▶ **Assigned task**
Starting at the top of the entries below, write out each line up to and including the one containing "This one is". Leave the pictures out.

(Dataset records Opens)

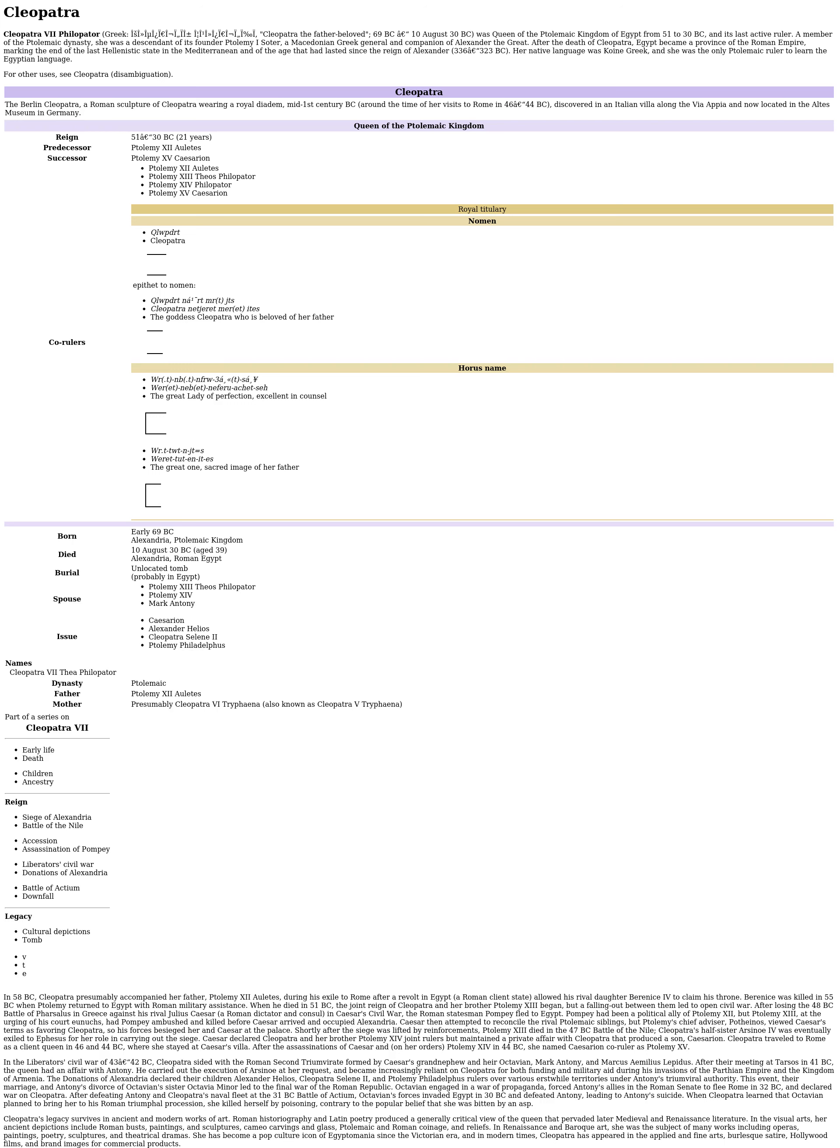Cleopatra VII Philopator Greek, Cleopatra the Father Beloved, 69 BC to 10 August 30 BC, was Queen of the Ptolemaic Kingdom of Egypt from 51 to 30 BC.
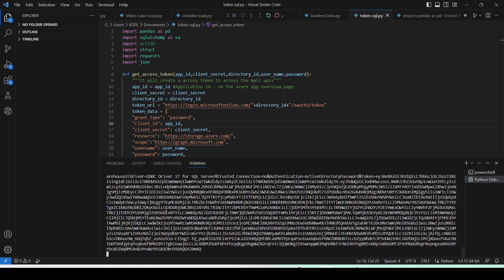A new token has been generated and this token will handle authentication without any popup. There is no popup asking for username or password this time. The token does the authentication automatically, which means multi-factor authentication is bypassed. This allows you to fully automate the process — you can schedule this kind of job to run at a particular time. Alternatives include using the on-premise gateway, which is another good option to control everything from Microsoft Fabric or Power BI service.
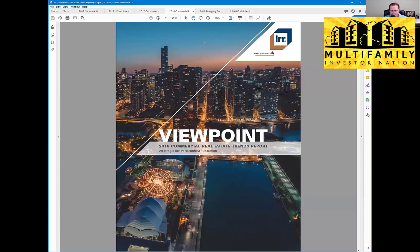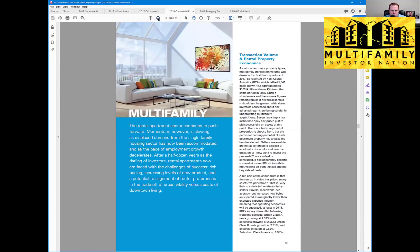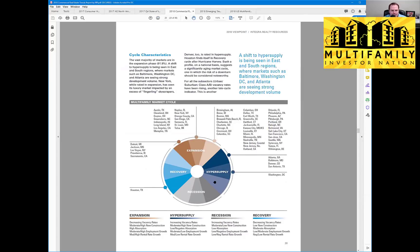This one is called the IRR — not to be confused with internal rate of return — this is the Integra Realty Resources publication. It goes through a lot of different types of markets: golf courses, retail, senior housing, marijuana real estate, office, housing, interest rates, and of course multifamily. I like this one because it puts everything on a market cycle wheel that tells you where that particular market is — whether it's toward the recession cycle, recovery phase, expansion, or hyper supply. So you can look at your city and see where you are in that cycle.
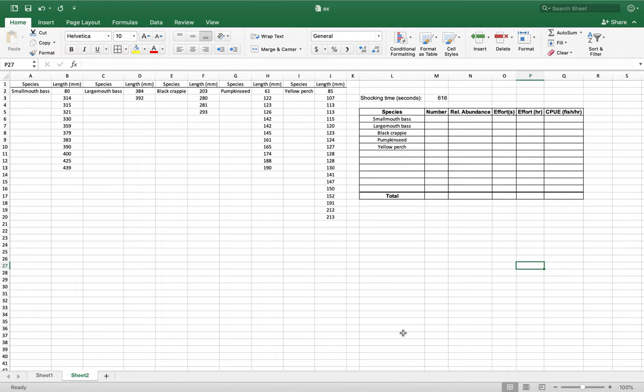CPUE, or catch per unit effort, and the relative abundance of species in a specific water body. We're using the same data that we used for the length frequency histogram video, so keep that all the same. I'm doing that right here.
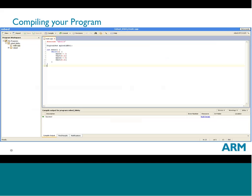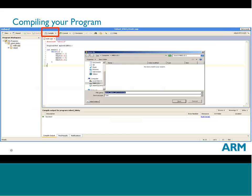The Embed IDE is a web-hosted code editor with a compiler on the back end, so you can edit your code in the browser. When you hit the compile button, it submits a build job on the servers and returns a binary file. That binary file needs to be saved onto the Embed disk drive on the computer, then hit the reset button and it will execute your new program.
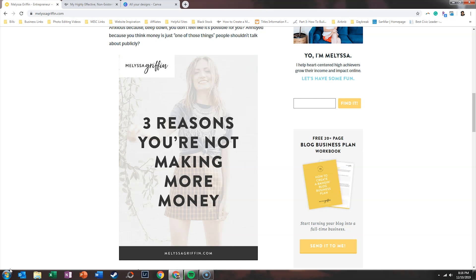The best way to break it down: Pinterest is an SEO-driven social media platform. With Facebook, you need to know a brand exists or that brand needs to be paying for ads to get in front of you. With Instagram, you need to be following that account, or they're paying for ads, or using hashtags. But Pinterest is nothing but a search bar with tons of images.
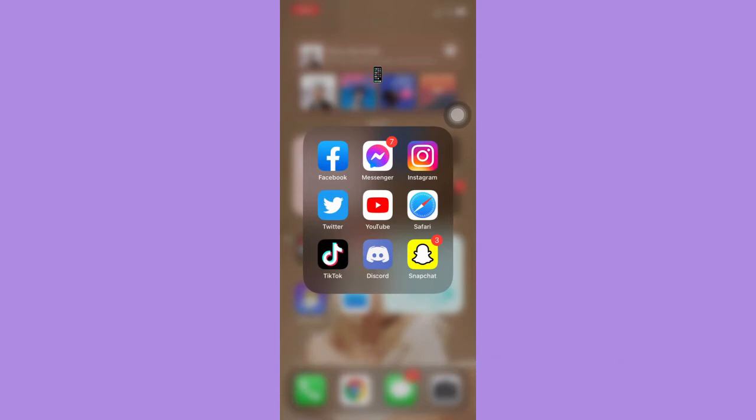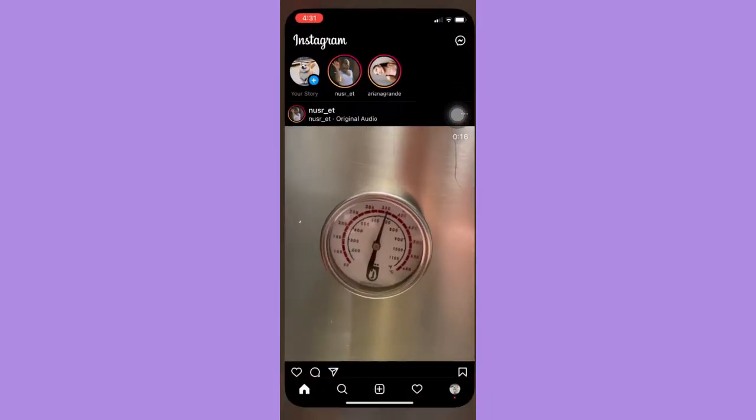Let's begin right away. The very first step is to make sure that your Instagram app is up to date. If not, please go to the App Store or Google Play Store and update your Instagram.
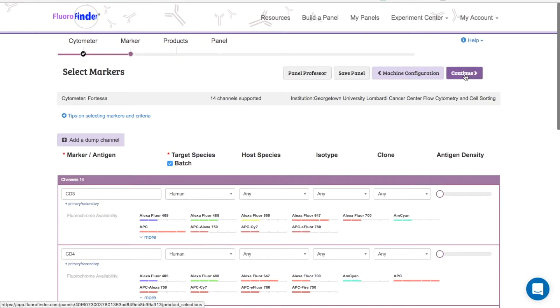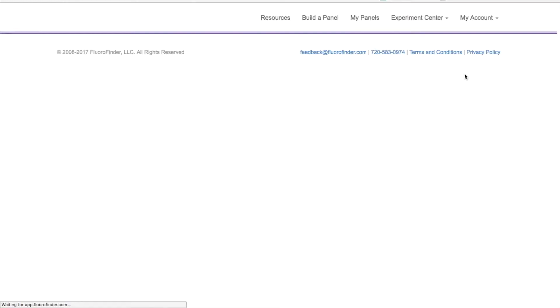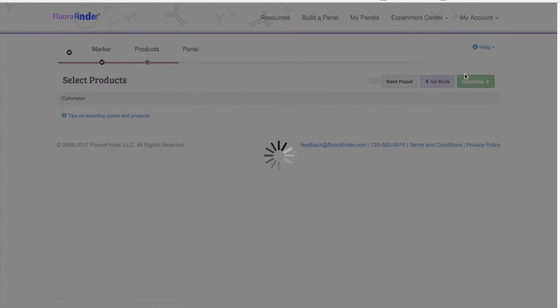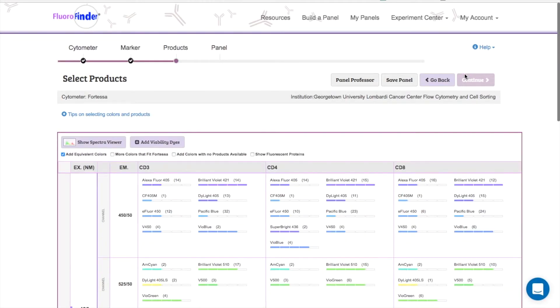Once you have finished entering all of your markers, use this button to continue on to the next step, where you will select from a list of products that fit your machine.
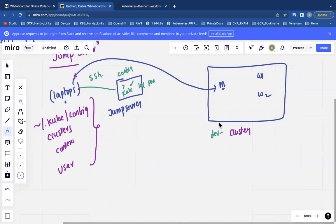I will be connecting to all my clusters from my laptop because the cluster configuration — like the cluster name, the certificates, the user data, and the context — are configured locally. For a few clusters, just to make them more secure, we have created a jump server and placed a configuration there. From my laptop, I connect to the jump server.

(Dataset records Closes)

▶ **Solved exercise**
Cleopatra VII Philopator Greek, Cleopatra the Father Beloved, 69 BC to 10 August 30 BC, was Queen of the Ptolemaic Kingdom of Egypt from 51 to 30 BC.
A new token has been generated and this token will handle authentication without any popup. There is no popup asking for username or password this time. The token does the authentication automatically, which means multi-factor authentication is bypassed. This allows you to fully automate the process — you can schedule this kind of job to run at a particular time. Alternatives include using the on-premise gateway, which is another good option to control everything from Microsoft Fabric or Power BI service.
This one is called the IRR — not to be confused with internal rate of return — this is the Integra Realty Resources publication. It goes through a lot of different types of markets: golf courses, retail, senior housing, marijuana real estate, office, housing, interest rates, and of course multifamily. I like this one because it puts everything on a market cycle wheel that tells you where that particular market is — whether it's toward the recession cycle, recovery phase, expansion, or hyper supply. So you can look at your city and see where you are in that cycle.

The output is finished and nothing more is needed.